Rio Ferdinand’s recall to the England national team this week made sense, in football terms. The Manchester United defender has been in good form, good physical shape and has demonstrated an ability to play back-to-back games.
His inability to do so previously was a perfectly valid omission from England’s Euro 2012 squad – John Terry or no John Terry, a player must get his club house in order before he can be counted upon by his country. Ledley King’s 2010 World Cup nightmare and subsequent retirement is as good an example as anyone needs.
While Roy Hodgson was right to consider Ferdinand for his latest squad – and while the player has apparently acted with dignity and professionalism in withdrawing from the World Cup qualifiers against San Marino and Montenegro – there can now be no doubt that the 81-times England defender should no longer be in the international picture.

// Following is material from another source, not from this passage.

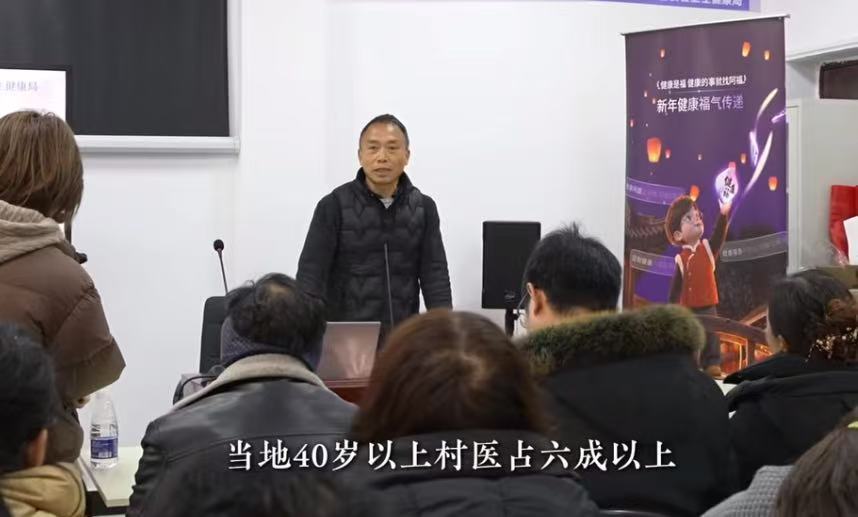 全国首批用上AI助手的村医乡村的就医条件可能没有那么发达，医生也是忙的不行，可能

Not because his withdrawal was in any way disrespectful or unpatriotic: Ferdinand has showed a great deal more dignity than Terry, who threw his toys out of the pram after his nauseating case with the FA and Anton.
No, Rio should be excluded from consideration because, as was the case at the Euros, England cannot count on him, for football reasons.
Rio will be close to 36 at the next international tournament, the 2014 World Cup in Brazil. There is no point in planning for a player who may well have retired by that point, and certainly no motivation in basing England’s selection process around the management of his physical schedule.
It is testament to Rio’s love of playing for England that he was not and will not retire from national team duty, but England themselves should move on, as they did with Terry.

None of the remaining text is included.